4.2 The Communication Framework

In a communication framework, the information source inputs a message to a transmitter. The transmitter couples the message onto a transmission channel in the form of a signal which matches the transfer properties of the channel. The channel is the medium that bridges the distance between the transmitter and the receiver. This can be either a guided transmission such as a wire or a wave guide, or it can be an unguided free space channel. A signal traverses the channel will suffer from attenuation and distortion. For example, electric power can be lost due to heat generation along a wire, and optical power can be attenuated due to scattering and absorption by air molecules in a free space.
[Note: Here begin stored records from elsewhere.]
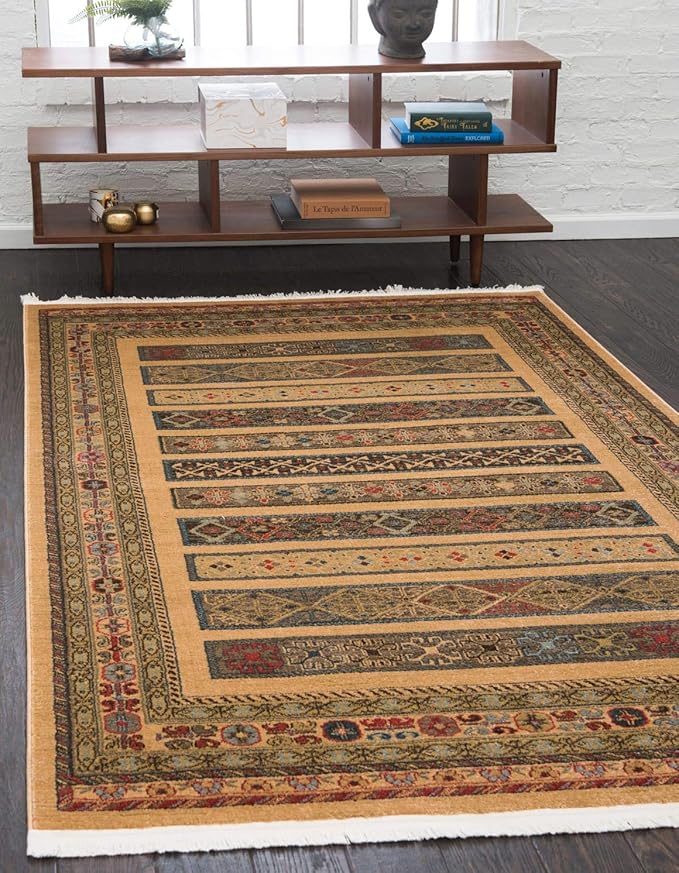 Fars Collection Area Rug - Pasadena (5' 1" x 8' Rectangle, Brown/ Light Brown)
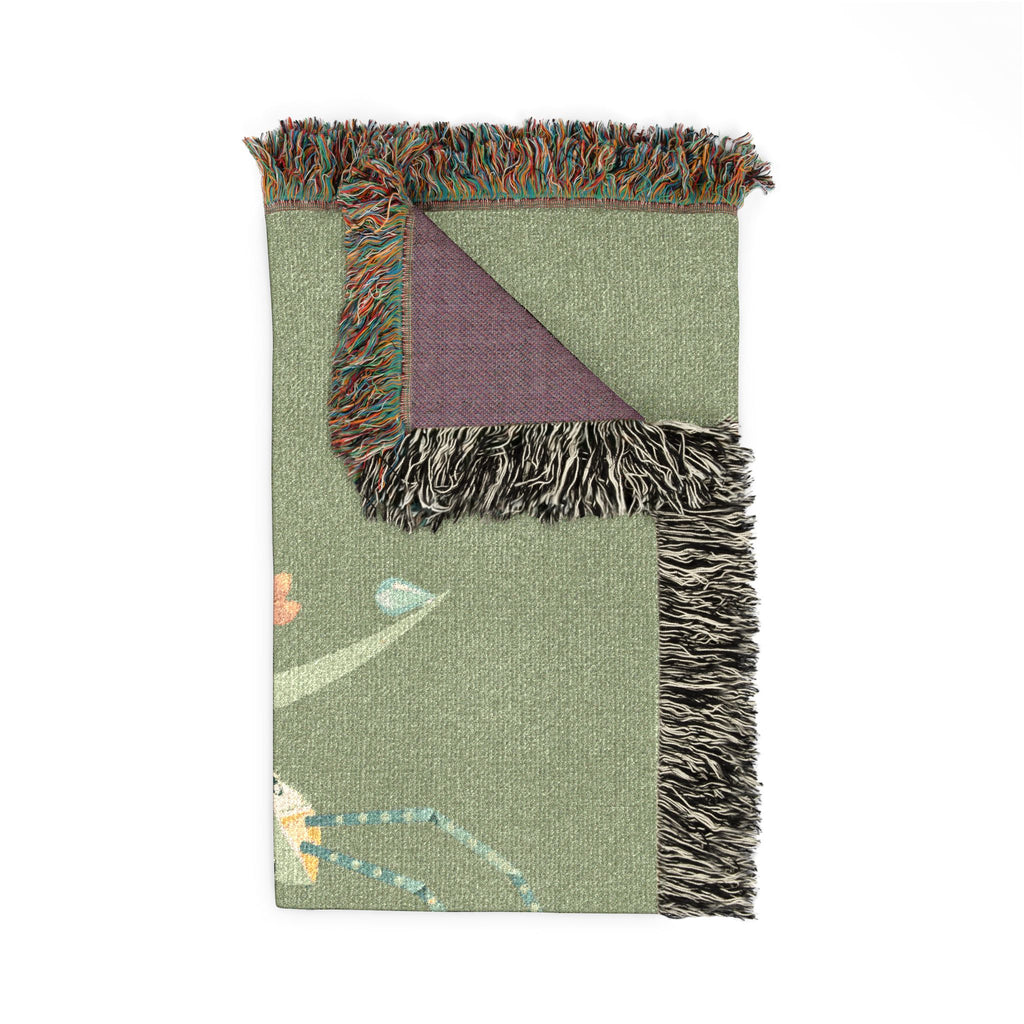 PRB Neutral Ombre Woven Blanket | Beige to Charcoal Gradient Throw by Power Runs Black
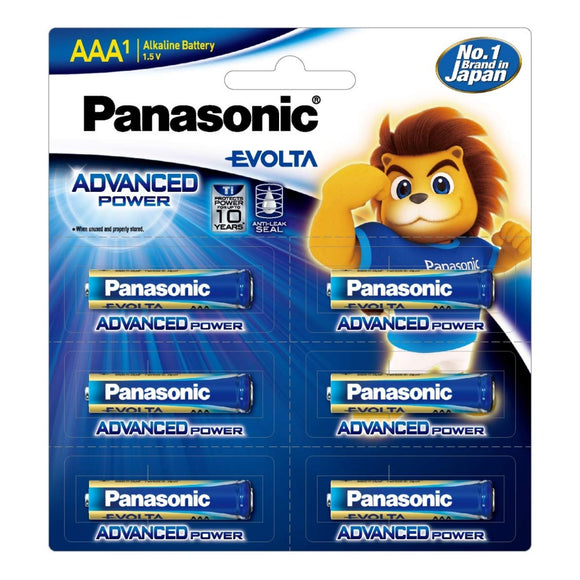 Panasonic Evolta LR03EGDG Premium AAA Alkaline Batteries - 6-Pack, Long-Lasting Power, Mercury-Free, Anti-Leak Seal - 10-Year Protection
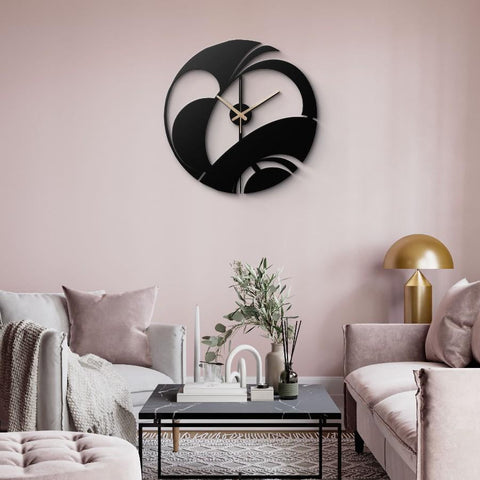 Modern Art Deco Metal Wall Clock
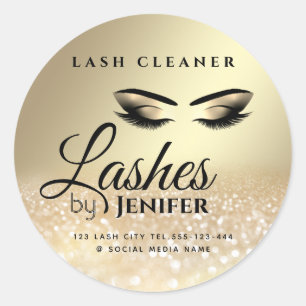 Gold glittery makeup lash extension lash cleaner c runder aufkleber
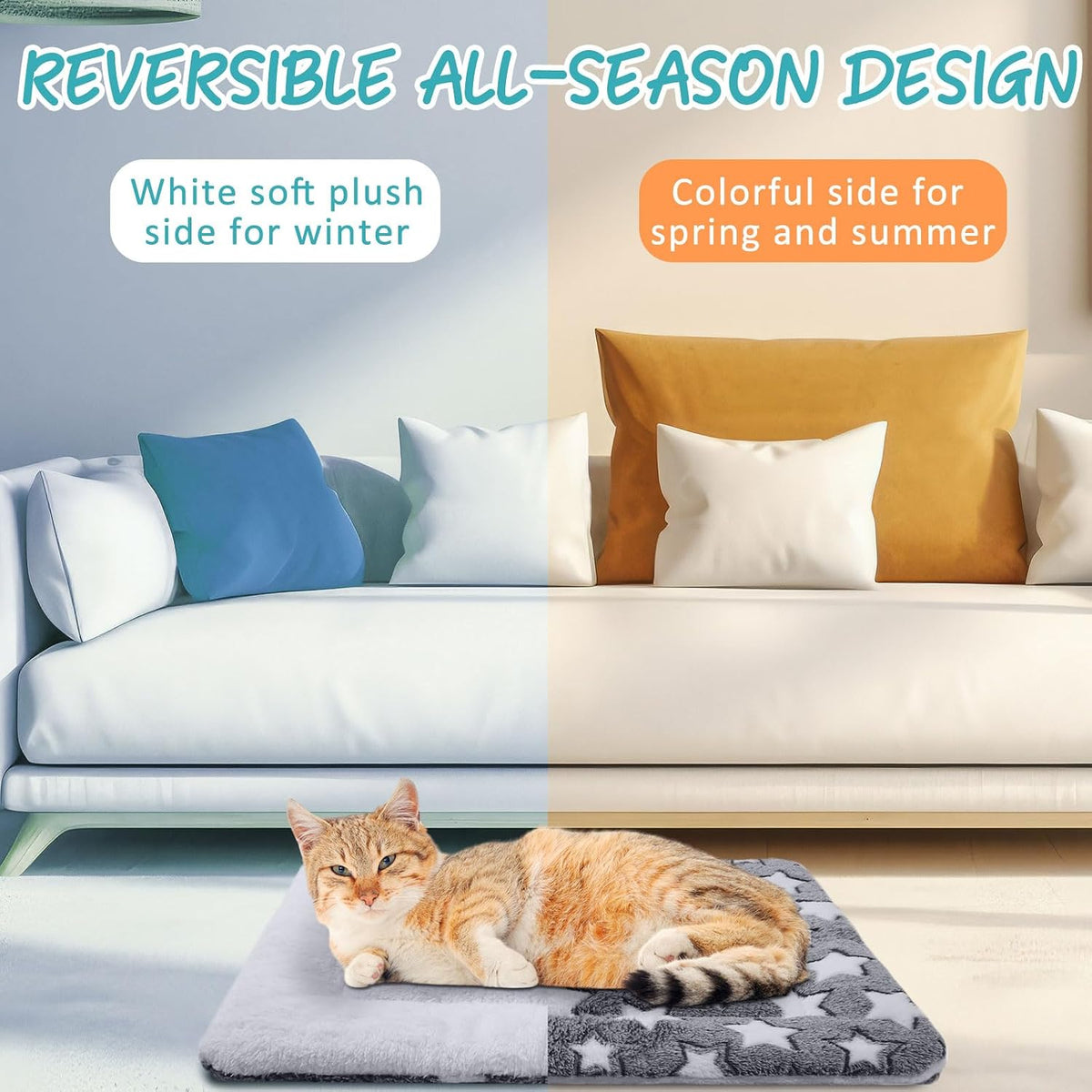 2 Pack Self Warming Cat Dog Bed Pad - Grey / 21" X 14" / Stars - image 4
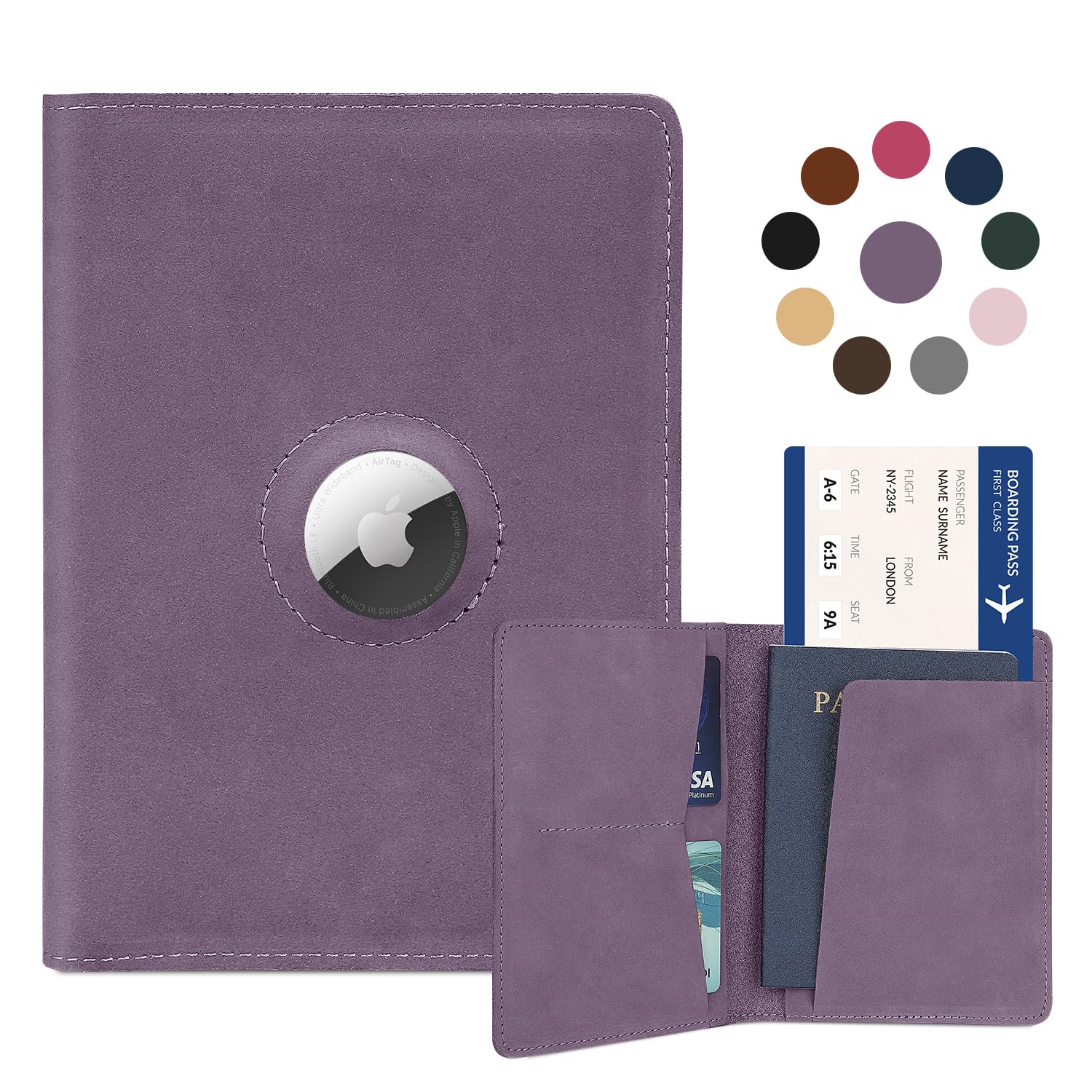 Real Leather AirTag Passport Holder – Handmade Travel Wallet for Men & Women - Abbycart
Therefore, channels are characterized by a transfer function which models the input–output process. The input–output process statistics is dominated by the noise characteristics the modulated input experiences during its propagation along the communication medium, in addition to the detection procedure experienced at the channel output. In particular, when the noise \( n_{G} \left( t \right) \) is a zero-mean Gaussian process with double-sided power spectral density N0/2, the channel is called an additive white gaussian channel (AWGN). However, when the electrical input is modulated by a light source, like a laser diode, the channel will be an optical channel with the dominant shot noise \( n_{d} \left( t \right) \) arising from the statistical nature of the production and collection of photoelectrons when an optical signal is incident on a photodetector, such statistics characterized by a Poisson random process.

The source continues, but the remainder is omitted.